__ABOUT THIS TASK__. Reproduce the listing that follows so that each line matches the original exactly.
+++
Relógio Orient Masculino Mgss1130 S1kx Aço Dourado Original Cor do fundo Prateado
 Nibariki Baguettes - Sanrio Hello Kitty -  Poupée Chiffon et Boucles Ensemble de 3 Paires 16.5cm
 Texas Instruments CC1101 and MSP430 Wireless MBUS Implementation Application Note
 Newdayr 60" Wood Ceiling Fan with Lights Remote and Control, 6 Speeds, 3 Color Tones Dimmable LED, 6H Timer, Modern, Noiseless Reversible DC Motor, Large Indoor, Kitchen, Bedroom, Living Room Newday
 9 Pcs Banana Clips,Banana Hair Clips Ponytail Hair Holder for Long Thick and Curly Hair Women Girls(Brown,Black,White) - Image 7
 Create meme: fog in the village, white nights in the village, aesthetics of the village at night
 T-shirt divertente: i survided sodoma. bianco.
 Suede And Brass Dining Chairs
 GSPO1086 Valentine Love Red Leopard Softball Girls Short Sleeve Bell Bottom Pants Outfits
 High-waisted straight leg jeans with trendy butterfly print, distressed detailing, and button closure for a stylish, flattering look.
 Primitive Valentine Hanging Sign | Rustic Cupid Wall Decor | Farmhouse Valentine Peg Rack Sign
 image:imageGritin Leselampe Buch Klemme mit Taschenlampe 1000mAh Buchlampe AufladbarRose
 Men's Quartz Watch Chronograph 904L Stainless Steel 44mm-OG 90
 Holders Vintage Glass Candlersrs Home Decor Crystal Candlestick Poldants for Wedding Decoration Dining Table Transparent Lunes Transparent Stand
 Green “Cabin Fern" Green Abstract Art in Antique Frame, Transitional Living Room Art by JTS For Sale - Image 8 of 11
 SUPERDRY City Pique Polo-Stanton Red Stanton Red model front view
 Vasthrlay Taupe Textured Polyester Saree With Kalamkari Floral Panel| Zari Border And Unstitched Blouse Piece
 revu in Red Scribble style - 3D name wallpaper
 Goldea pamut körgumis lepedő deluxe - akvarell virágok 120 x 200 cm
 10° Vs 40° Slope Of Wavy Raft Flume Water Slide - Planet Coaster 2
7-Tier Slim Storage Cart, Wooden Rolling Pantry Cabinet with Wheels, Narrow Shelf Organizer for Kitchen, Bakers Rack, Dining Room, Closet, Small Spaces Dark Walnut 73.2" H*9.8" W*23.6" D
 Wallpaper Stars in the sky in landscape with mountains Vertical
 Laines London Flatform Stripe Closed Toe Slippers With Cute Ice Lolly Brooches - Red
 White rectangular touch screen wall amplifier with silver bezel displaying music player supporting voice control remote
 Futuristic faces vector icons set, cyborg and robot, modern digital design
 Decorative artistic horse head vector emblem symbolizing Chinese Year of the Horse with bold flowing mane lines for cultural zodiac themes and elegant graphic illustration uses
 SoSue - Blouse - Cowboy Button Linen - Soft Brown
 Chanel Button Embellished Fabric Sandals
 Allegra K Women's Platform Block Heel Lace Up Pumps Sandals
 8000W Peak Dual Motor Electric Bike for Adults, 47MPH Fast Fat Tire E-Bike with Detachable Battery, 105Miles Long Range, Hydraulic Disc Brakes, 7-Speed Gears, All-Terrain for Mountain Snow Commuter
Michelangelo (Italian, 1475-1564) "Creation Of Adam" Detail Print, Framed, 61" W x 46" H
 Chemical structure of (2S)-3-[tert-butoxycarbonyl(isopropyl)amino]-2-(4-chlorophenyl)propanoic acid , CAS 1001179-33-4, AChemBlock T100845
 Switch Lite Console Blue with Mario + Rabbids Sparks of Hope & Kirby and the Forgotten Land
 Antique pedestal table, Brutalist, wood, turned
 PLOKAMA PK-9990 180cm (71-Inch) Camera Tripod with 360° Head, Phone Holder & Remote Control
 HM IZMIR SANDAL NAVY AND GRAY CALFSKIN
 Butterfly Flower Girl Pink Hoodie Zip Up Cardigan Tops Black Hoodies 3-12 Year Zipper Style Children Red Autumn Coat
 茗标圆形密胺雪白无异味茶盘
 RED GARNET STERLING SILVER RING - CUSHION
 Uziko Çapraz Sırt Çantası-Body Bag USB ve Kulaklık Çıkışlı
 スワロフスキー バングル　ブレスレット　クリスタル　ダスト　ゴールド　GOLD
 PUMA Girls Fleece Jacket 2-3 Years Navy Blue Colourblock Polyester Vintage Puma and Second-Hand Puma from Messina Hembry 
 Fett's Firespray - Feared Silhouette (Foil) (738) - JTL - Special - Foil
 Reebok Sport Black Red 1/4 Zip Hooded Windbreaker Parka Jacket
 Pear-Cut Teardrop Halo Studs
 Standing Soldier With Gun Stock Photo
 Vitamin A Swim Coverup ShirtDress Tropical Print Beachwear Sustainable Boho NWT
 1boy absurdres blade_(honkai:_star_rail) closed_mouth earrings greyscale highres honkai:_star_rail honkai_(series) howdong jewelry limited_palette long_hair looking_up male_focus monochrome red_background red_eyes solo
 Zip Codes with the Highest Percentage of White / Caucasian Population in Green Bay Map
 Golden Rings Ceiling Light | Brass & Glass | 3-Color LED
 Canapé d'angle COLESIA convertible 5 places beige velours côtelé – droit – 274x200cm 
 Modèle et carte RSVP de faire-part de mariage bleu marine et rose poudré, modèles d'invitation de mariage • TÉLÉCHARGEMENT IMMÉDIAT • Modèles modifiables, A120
+++
__RESPONSE BELOW__.
Relógio Orient Masculino Mgss1130 S1kx Aço Dourado Original Cor do fundo Prateado
 Nibariki Baguettes - Sanrio Hello Kitty -  Poupée Chiffon et Boucles Ensemble de 3 Paires 16.5cm
 Texas Instruments CC1101 and MSP430 Wireless MBUS Implementation Application Note
 Newdayr 60" Wood Ceiling Fan with Lights Remote and Control, 6 Speeds, 3 Color Tones Dimmable LED, 6H Timer, Modern, Noiseless Reversible DC Motor, Large Indoor, Kitchen, Bedroom, Living Room Newday
 9 Pcs Banana Clips,Banana Hair Clips Ponytail Hair Holder for Long Thick and Curly Hair Women Girls(Brown,Black,White) - Image 7
 Create meme: fog in the village, white nights in the village, aesthetics of the village at night
 T-shirt divertente: i survided sodoma. bianco.
 Suede And Brass Dining Chairs
 GSPO1086 Valentine Love Red Leopard Softball Girls Short Sleeve Bell Bottom Pants Outfits
 High-waisted straight leg jeans with trendy butterfly print, distressed detailing, and button closure for a stylish, flattering look.
 Primitive Valentine Hanging Sign | Rustic Cupid Wall Decor | Farmhouse Valentine Peg Rack Sign
 image:imageGritin Leselampe Buch Klemme mit Taschenlampe 1000mAh Buchlampe AufladbarRose
 Men's Quartz Watch Chronograph 904L Stainless Steel 44mm-OG 90
 Holders Vintage Glass Candlersrs Home Decor Crystal Candlestick Poldants for Wedding Decoration Dining Table Transparent Lunes Transparent Stand
 Green “Cabin Fern" Green Abstract Art in Antique Frame, Transitional Living Room Art by JTS For Sale - Image 8 of 11
 SUPERDRY City Pique Polo-Stanton Red Stanton Red model front view
 Vasthrlay Taupe Textured Polyester Saree With Kalamkari Floral Panel| Zari Border And Unstitched Blouse Piece
 revu in Red Scribble style - 3D name wallpaper
 Goldea pamut körgumis lepedő deluxe - akvarell virágok 120 x 200 cm
 10° Vs 40° Slope Of Wavy Raft Flume Water Slide - Planet Coaster 2
7-Tier Slim Storage Cart, Wooden Rolling Pantry Cabinet with Wheels, Narrow Shelf Organizer for Kitchen, Bakers Rack, Dining Room, Closet, Small Spaces Dark Walnut 73.2" H*9.8" W*23.6" D
 Wallpaper Stars in the sky in landscape with mountains Vertical
 Laines London Flatform Stripe Closed Toe Slippers With Cute Ice Lolly Brooches - Red
 White rectangular touch screen wall amplifier with silver bezel displaying music player supporting voice control remote
 Futuristic faces vector icons set, cyborg and robot, modern digital design
 Decorative artistic horse head vector emblem symbolizing Chinese Year of the Horse with bold flowing mane lines for cultural zodiac themes and elegant graphic illustration uses
 SoSue - Blouse - Cowboy Button Linen - Soft Brown
 Chanel Button Embellished Fabric Sandals
 Allegra K Women's Platform Block Heel Lace Up Pumps Sandals
 8000W Peak Dual Motor Electric Bike for Adults, 47MPH Fast Fat Tire E-Bike with Detachable Battery, 105Miles Long Range, Hydraulic Disc Brakes, 7-Speed Gears, All-Terrain for Mountain Snow Commuter
Michelangelo (Italian, 1475-1564) "Creation Of Adam" Detail Print, Framed, 61" W x 46" H
 Chemical structure of (2S)-3-[tert-butoxycarbonyl(isopropyl)amino]-2-(4-chlorophenyl)propanoic acid , CAS 1001179-33-4, AChemBlock T100845
 Switch Lite Console Blue with Mario + Rabbids Sparks of Hope & Kirby and the Forgotten Land
 Antique pedestal table, Brutalist, wood, turned
 PLOKAMA PK-9990 180cm (71-Inch) Camera Tripod with 360° Head, Phone Holder & Remote Control
 HM IZMIR SANDAL NAVY AND GRAY CALFSKIN
 Butterfly Flower Girl Pink Hoodie Zip Up Cardigan Tops Black Hoodies 3-12 Year Zipper Style Children Red Autumn Coat
 茗标圆形密胺雪白无异味茶盘
 RED GARNET STERLING SILVER RING - CUSHION
 Uziko Çapraz Sırt Çantası-Body Bag USB ve Kulaklık Çıkışlı
 スワロフスキー バングル　ブレスレット　クリスタル　ダスト　ゴールド　GOLD
 PUMA Girls Fleece Jacket 2-3 Years Navy Blue Colourblock Polyester Vintage Puma and Second-Hand Puma from Messina Hembry 
 Fett's Firespray - Feared Silhouette (Foil) (738) - JTL - Special - Foil
 Reebok Sport Black Red 1/4 Zip Hooded Windbreaker Parka Jacket
 Pear-Cut Teardrop Halo Studs
 Standing Soldier With Gun Stock Photo
 Vitamin A Swim Coverup ShirtDress Tropical Print Beachwear Sustainable Boho NWT
 1boy absurdres blade_(honkai:_star_rail) closed_mouth earrings greyscale highres honkai:_star_rail honkai_(series) howdong jewelry limited_palette long_hair looking_up male_focus monochrome red_background red_eyes solo
 Zip Codes with the Highest Percentage of White / Caucasian Population in Green Bay Map
 Golden Rings Ceiling Light | Brass & Glass | 3-Color LED
 Canapé d'angle COLESIA convertible 5 places beige velours côtelé – droit – 274x200cm 
 Modèle et carte RSVP de faire-part de mariage bleu marine et rose poudré, modèles d'invitation de mariage • TÉLÉCHARGEMENT IMMÉDIAT • Modèles modifiables, A120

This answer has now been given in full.